This article continues with the previous one for claim provisioning. A claim is a combination of a claim type, right, and a value. A claim set is a set of claims issued by an issuing authority.  A claim can be a DNS, email, hash, name, RSA, sid, SPN, system, thumbprint, Uri, and X500DistinguishedName type.  An evaluation context is a context in which an authorization policy is evaluated. It contains properties and claim sets and once the evaluation is complete, it results in an authorization context once authorization policies are evaluated. An authorization policy is a set of rules for mapping a set of input claims to a set of output claims and when evaluated, the resulting authorization context has a set of claims sets and zero or more properties. An identity claim in an authorization context makes a statement about the identity of the entity. A group of authorization policies can be compared to a machine that makes keys. When the policies are evaluated a set of claims is generated, it is like the shape of the key. This key is stored in the form of an authorization context and can be used to open some locks.
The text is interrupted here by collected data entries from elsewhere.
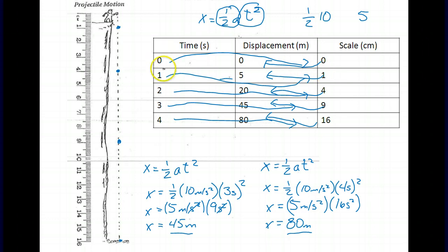At 0 seconds, the rock has fallen 0 meters and its initial speed is 0 meters per second. At 1 second it went 5 meters — we already calculated that. At 2 seconds it's gone 20 meters, at 3 seconds 45 meters, at 4 seconds 80 meters. We haven't calculated the last one yet, so you'll need to do that calculation.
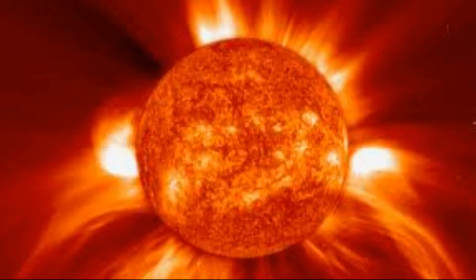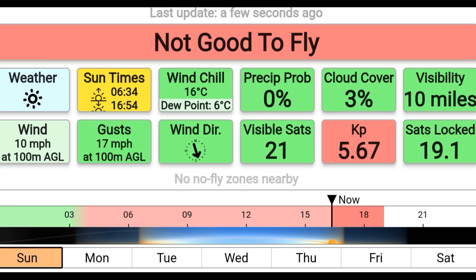You will find this phenomenon listed in the UAV Forecast app. In this app you also find information for sunrise, sunset, wind chill, precipitation probability, cloud cover, visibility, wind, wind gusts, wind direction, visible satellites KP, and satellite lock.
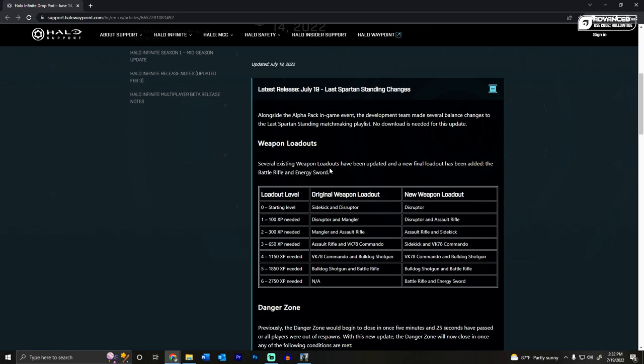First off we're gonna start with the Last Barn Standing changes. They adjusted the weapon loadouts and I actually think that I like what they did. So instead of starting off with the sidekick and disruptor, you get the disruptor, then you go to the assault rifle, then from the assault rifle to the sidekick,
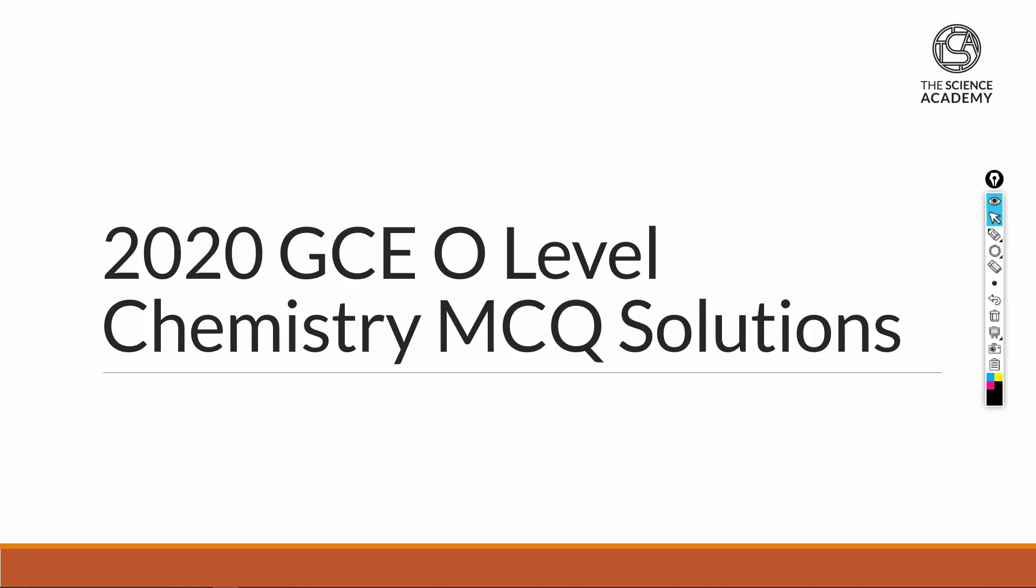This is the 2020 GCE O Level Chemistry MCQ Solutions, brought to you by TSA, the Science Academy.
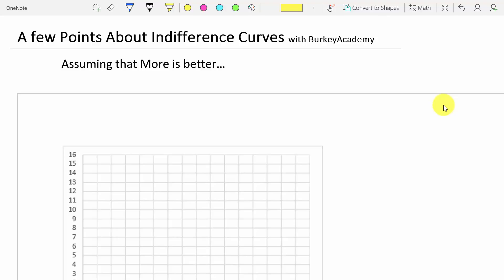Today we're going to talk about a few points about indifference curves. In this video we're going to assume that we're talking about two good things for our two products, so we're going to assume that more is better. We're not talking about where one product might be bad, and we're not going to talk about the special case of perfect complements or perfect substitutes. There's a link to another video that talks about all kinds of different indifference curves and special cases like that.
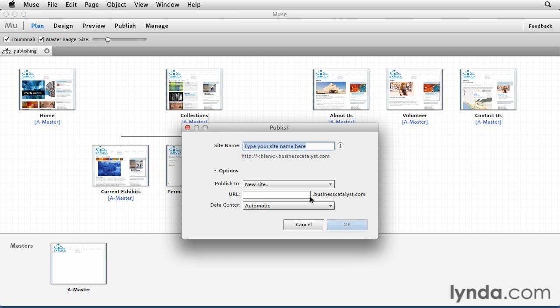If you've never published with Muse before, this is how your screen would look. Our first step is to create a site name. If you want to try to enter your own URL, you can do that. But for now, I'm going to keep this default.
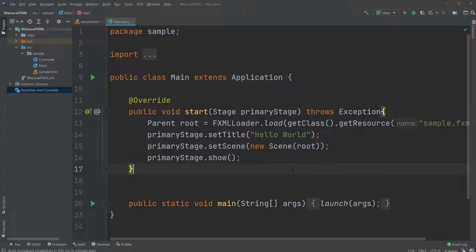Hey, it's a learning student here and today we're going to be talking about FXML, which is the markup language used by JavaFX to create the graphical user interface GUI.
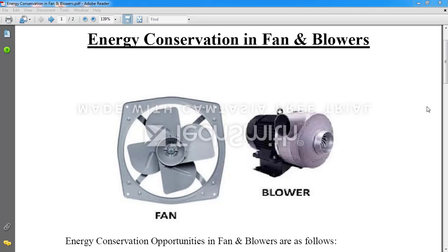Today we are going to discuss energy conservation in fans and blowers. This is a fan on the left hand side and this is a blower on the right hand side. Though the actual working of fans and blowers is a bit different and there are many differences between them, the points we can consider to conserve energy are the same for both.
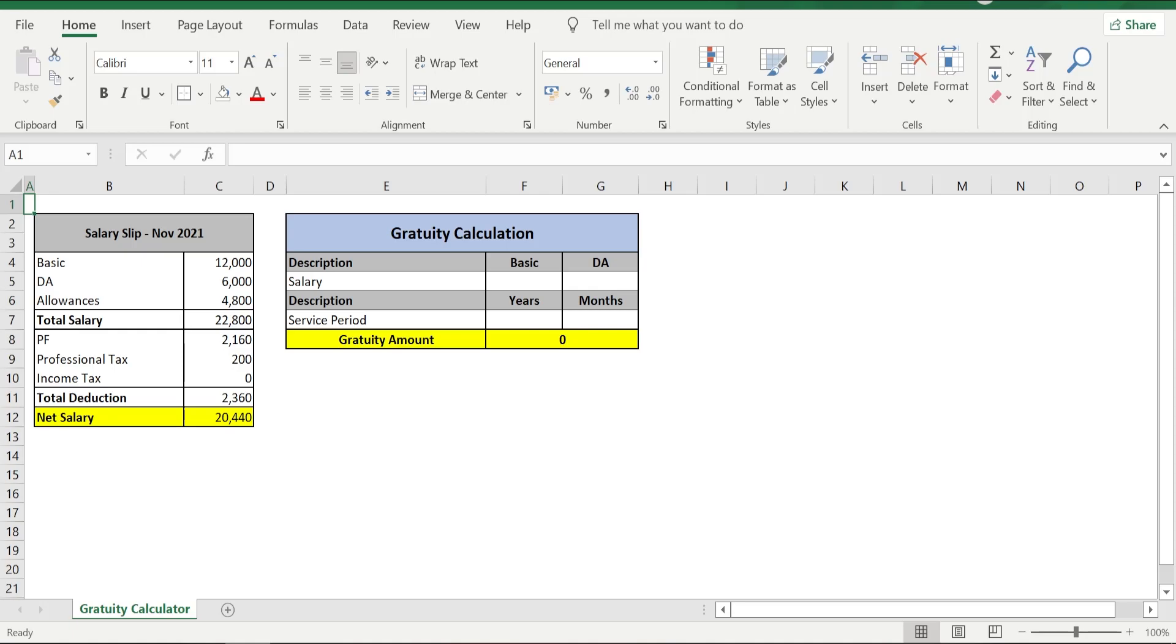What we are going to do now is we are going to take the information from this sample salary slip and calculate gratitude based on that. Now without much delay, let's jump into the calculation part and see how to calculate gratitude.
The granting of access is the opening of a lock Identity model does not mandate how the claims should be authored but it requires that the set of required claims must be satisfied by those in the authorization context.

The identity model is based on claims organized in a collection of sets of claims within an authorization context created by chained authorization policies. When a web service implements this identity model such as in Windows Communication Framework (WCF), the service determines the authorization policies with a ServiceAuthorizationBehavior class evaluated by a ServiceAuthorizationManager and results in an AuthorizationContext class.
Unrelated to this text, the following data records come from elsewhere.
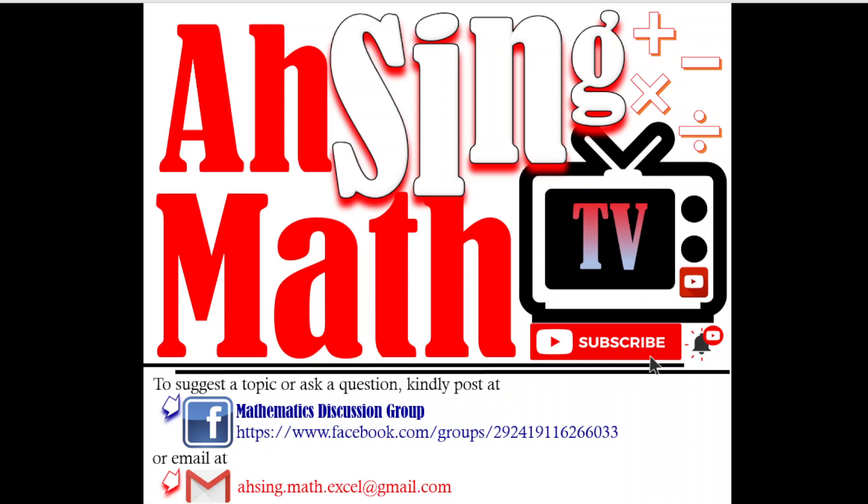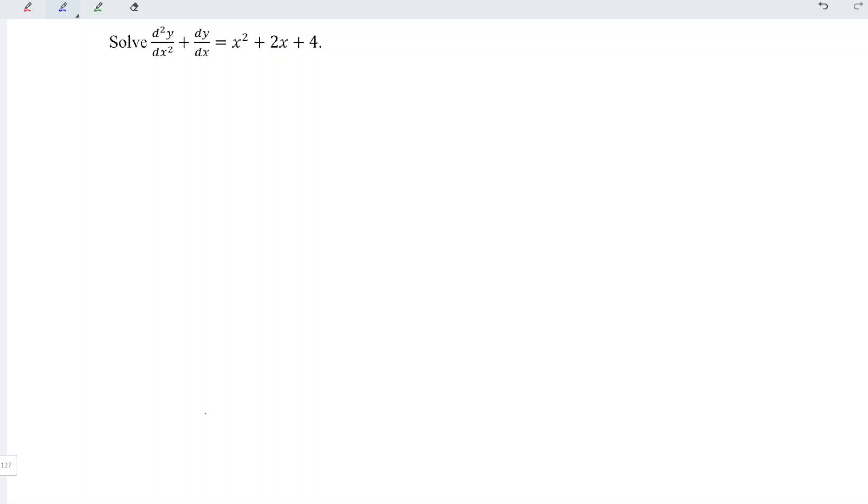Hi, this is AXING. You are now watching AXING MAD TV. Today, we would like to share how to solve this non-homogeneous differential equation.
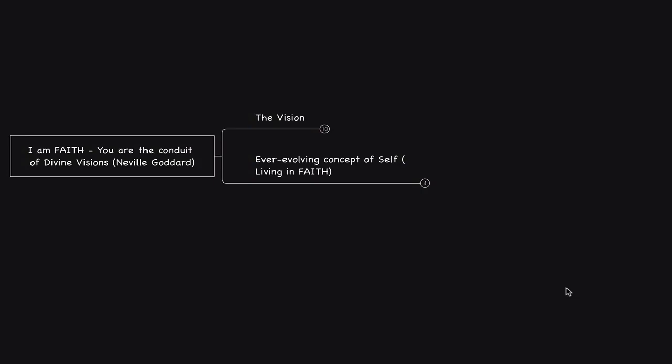Today's video is titled, I Am Faith, You Are the Conduit of Divine Visions. This Neville Goddard-based conversation is reflective on an experience that I want to share with you when I was 20 years old. During this time, I didn't know what I wanted to do as far as the next stages of my life go, career and so forth.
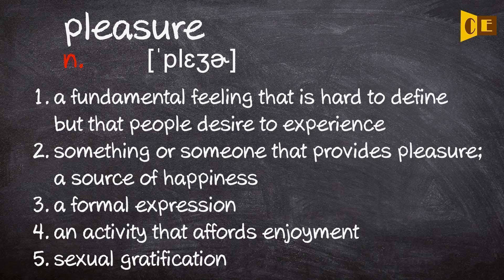3. A formal expression. 4. An activity that affords enjoyment. 5. Sexual gratification.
Systems can not only grant access but can also deny access based on the presence of claims. Such systems must review the authorization context for claims that result in the denial before viewing the claims that result in the access. For example, an identity claim with a name and age allowing access based on the name but denying access based on age must be evaluated by first visiting the age claim before visiting the name claim. Access can be granted solely based on name in this case.

Services must use service class identity instead of user principal name and they can impersonate the user. A logged-in user on Windows has a Kerberos ticket granted from authentication. A WCF service representing the user has the choice of impersonating between two methods. The first involves a windows token obtained from the Security Support Provider interface or Kerberos authentication and this can be cached in the service for future use. The second involves a windows token obtained from Kerberos extension collectively called Service-for-User or (S4U) 
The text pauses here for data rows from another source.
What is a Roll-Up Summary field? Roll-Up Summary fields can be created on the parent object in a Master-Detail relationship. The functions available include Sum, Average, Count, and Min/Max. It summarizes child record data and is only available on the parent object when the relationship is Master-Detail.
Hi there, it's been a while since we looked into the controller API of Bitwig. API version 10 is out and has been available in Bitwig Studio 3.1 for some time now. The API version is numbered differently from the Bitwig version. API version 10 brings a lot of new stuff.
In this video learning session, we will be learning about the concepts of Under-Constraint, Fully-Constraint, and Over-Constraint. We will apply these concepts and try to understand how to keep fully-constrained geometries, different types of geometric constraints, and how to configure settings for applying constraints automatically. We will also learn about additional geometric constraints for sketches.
Sometimes the entire service call does not need to be executed with an impersonation context. In this case, the windows identity of the caller is obtained inside the service method and the impersonation is performed imperatively. For example:

WindowsIdentity caller = ServiceSecurityContext.Current.WindowsIdentity;

 

using(caller.impersonate()) { 

 

// do something

 

}

 

 

Claim provisioning:

 

Introduction: This is an interesting topic in identity model used by applications and services. A user presents an identity to an application as a set of claims. Some examples of a claim include a username, an email address or even a fingerprint. The application itself does not resolve the identity and instead delegates it to an external identity system which can be specified via configuration to the application. The delegation works to provide the user information to the application and to ensure that the application receives that from a trusted source. This article explains this concept.

Description: Using this technique, an application is no longer responsible for the following: 1) authenticating users 2) storing user accounts and passwords, 3) calling membership providers like enterprise directories to lookup user information 4) integrating with identity systems from other organizations and 5) providing implementations for several protocols to be compliant with industry standards and business practice. All the identity related decisions are based on claims supplied by the user.  An identity is a set of attributes that describe a principal. A claim is a piece of identity information. The more slices of information an application receives, the more complete the pie representing the individual.  Instead of the application looking up the identity, it merely serializes them to the external system. A security token is a serialized set of claims that is digitally signed by the issuing authority. It gives the assurance that the user dd not make up the claim. An application might receive the claim via the security header of the SOAP envelope of the service. A browser-based web application arrives through an HTTP POST from the user’s browser which may later be cached in a cookie if a session is enabled. The manner might vary depending on the clients and the medium but the claim can be generalized with a token.  Open standards including some well-known frameworks are great at creating and reading security tokens. A security token service is the plumbing that builds, signs and issues security tokens. It might implement several protocols for creating and reading security tokens but that is hidden from the application.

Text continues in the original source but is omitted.